Promoters struggling to cultivate consistent audiences for original live music.
Artists resisting marketing themselves through modern tools like paid ads, podcast pitching, and content strategy.
If you're an original artist in Brisbane and feel like you're screaming into the void — you're not imagining it. But the solution isn’t just to yell louder. It’s to build better.
THE 10-TIER STRATEGY TO BUILD A VIBRANT ORIGINAL MUSIC ECOSYSTEM IN BRISBANE
1. Professionalise the Artist Presentation
If you don't have a press pack, you're not ready to be booked.
Artists need:
A high-resolution press image (editorial quality)
A compelling artist bio
A media-ready press release
Spotify & YouTube links
A 60-90 second showreel
Linktree or EPK for easy sharing
Let’s stop normalising underprepared artists asking to headline gigs with nothing but a SoundCloud link.
2. Teach the Business of Music in Real Language
We don’t need more abstract music theory.

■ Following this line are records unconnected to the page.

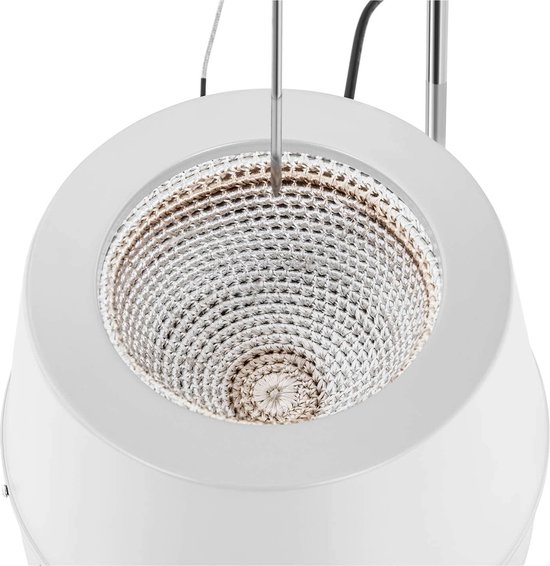 LAB FISH Magneetmixer Verwarmingsplaat 310℃/ 590℉ 5 inch Digitale Laboratorium-Magneetmixer 3L Capaciteit Toetsenbordbediening Timer-instelling 50-1500rpm, Sondesensor & Roerstaaf Inbegrepen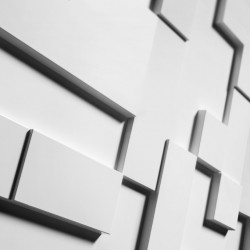 Стеновая панель под покраску Orac Decor Modern Cubi W102 333×333×25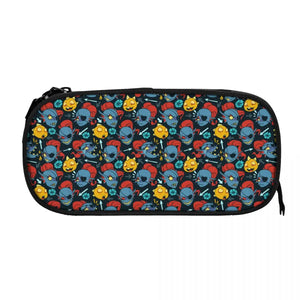 Undertale Anime Zipper Pen Bag for School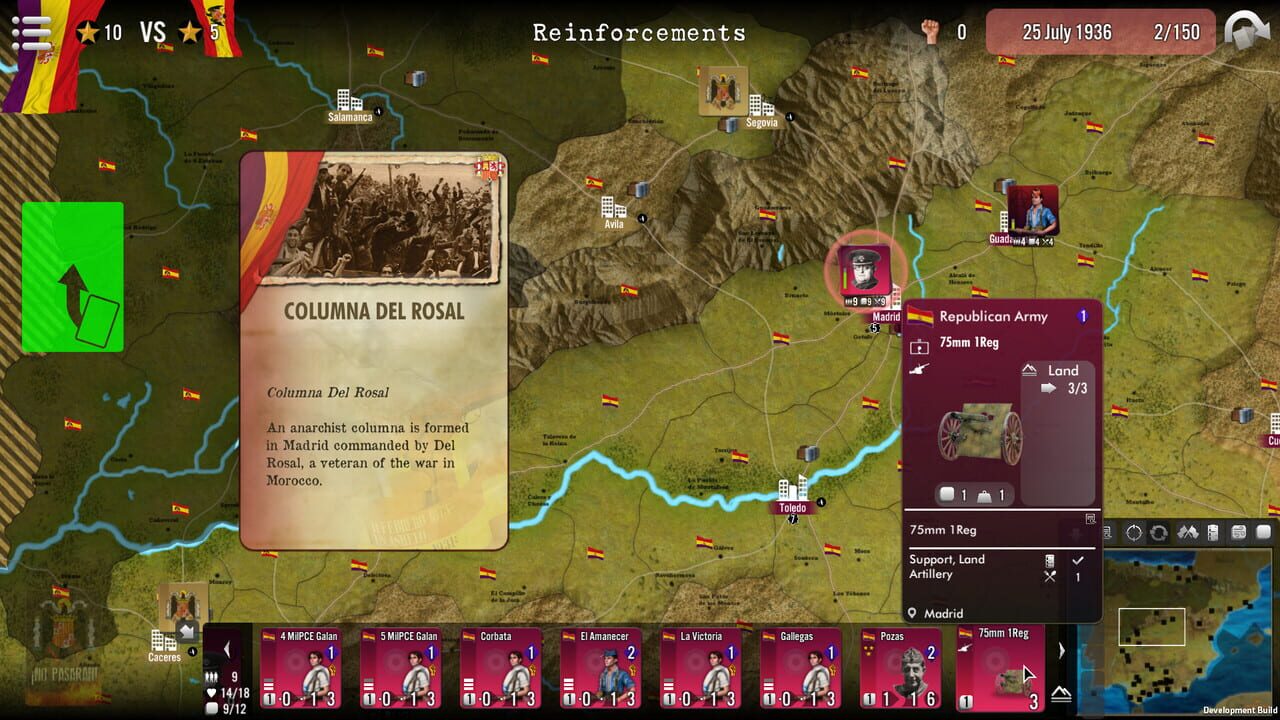Screenshot de SGS Spain at War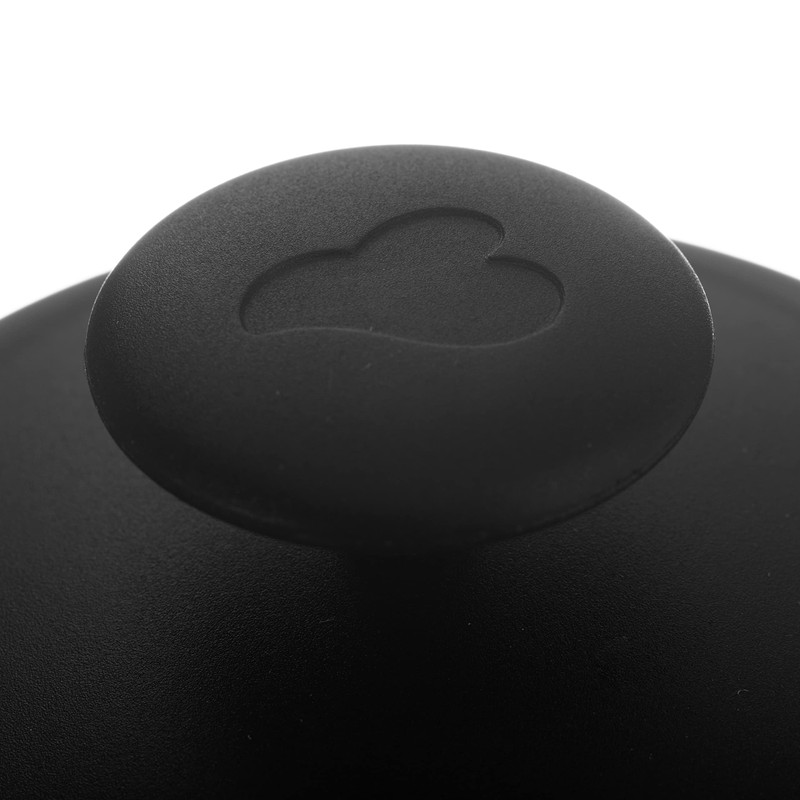 LEONARDO HOME CAFFÈ PER ME Milchaufschäumer, Glas, klar, 18,2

We need practical, actionable business tools.
The Pushworth Music Means Business(™) system should be part of the artist's journey: branding, audience development, content strategy, pitching, revenue models. You have access to a very real curriculum for the business of being an artist right here.
3. Access Online Hubs for Brisbane Original Music
Collate a database of online hubs for Brisbane Original Music. These are many well curated spaces for:
Upcoming original gigs
Artist features
Venue listings
Playlist drops
Community reviews
Make sure your music brand is across every single one of these spaces.
4. Venue + Artist Partnerships, Not Just Gigs
A venue isn't just a room with speakers. It can be a brand partner.
Artists and venues should collaborate on:
Co-branded event series
Shared marketing plans
Audience data tracking
Stop thinking short-term. Build culture together.
5. Create Micro-Scenes with Niche Playlists and Events
To build a thriving original music culture, consider the curation of scenes instead of showing all genres under the one roof.
Scenes like:
Neo-soul Sundays
Indie Rock Residencies
Hip Hop Rooftop Sessions
Niche first. Scene follows. Culture grows.
6. Pay-to-Play Doesn’t Work. But Pay-to-Grow Might.
Paid ads aren’t evil. They’re tools.
Artists need to get comfortable investing $50–$100 a show in:
IG/Facebook ads for shows
Spotify campaign boosts
Retargeting warm audiences
It’s not selling out. It’s showing up.
7. Normalize Artist-Led Media Pitching
Don’t wait to be discovered. Pitch to be seen.
Artists should:
Regularly pitch to local podcasts
Write opinion pieces or guest columns
Collaborate with community radio
Use platforms like Substack to tell their stories
Be the media — or at least make friends with it.
8. Promoters Need Better Data, Not Just Better Lineups
Booking a lineup of great bands doesn’t matter if no one knows.
Promoters should:
Track audience behavior show-to-show
Collect emails & build CRM lists
Offer incentives for ticket presales
Partner with artists who have engaged online communities (not just followers)
**This is why Promoters must engage a dedicated Publicist to drive and build the original music culture in their venue. Simply booking a band and crossing your fingers isn’t enough. Set up your systems or at least partner with an Agent who offers this service.
9. Artists Must Treat Social Media as a Brand Channel, Not a Diary
Your feed isn’t just for memes and moody shots.
Your social media should:
Consistently reflect your artistic voice
Showcase upcoming events, behind-the-scenes, and fan engagement
Funnel people from follower → listener → ticket buyer
Authentic, but intentional.
10. "The Residency Model": Build a Scene, One Room at a Time
A realistic, artist- or promoter-led event activity.
The Core Idea:
Start with a monthly (or fortnightly) original music residency at one venue. Focus on quality, consistency, and community.
How It Works:
Choose Your Home Base
Partner with a venue that believes in original music and is open to building a loyal crowd over time. A smaller room (50–150 cap) is ideal — intimate, vibe-driven, lower risk.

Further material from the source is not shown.